### Assignment
Because the material must be preserved as it stands, copy every line exactly.

### Data
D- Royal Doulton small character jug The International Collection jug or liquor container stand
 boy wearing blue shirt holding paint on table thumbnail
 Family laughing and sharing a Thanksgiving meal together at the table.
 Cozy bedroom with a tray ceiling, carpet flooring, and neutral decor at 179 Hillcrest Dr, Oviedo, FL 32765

### Answer to the problem
D- Royal Doulton small character jug The International Collection jug or liquor container stand
 boy wearing blue shirt holding paint on table thumbnail
 Family laughing and sharing a Thanksgiving meal together at the table.
 Cozy bedroom with a tray ceiling, carpet flooring, and neutral decor at 179 Hillcrest Dr, Oviedo, FL 32765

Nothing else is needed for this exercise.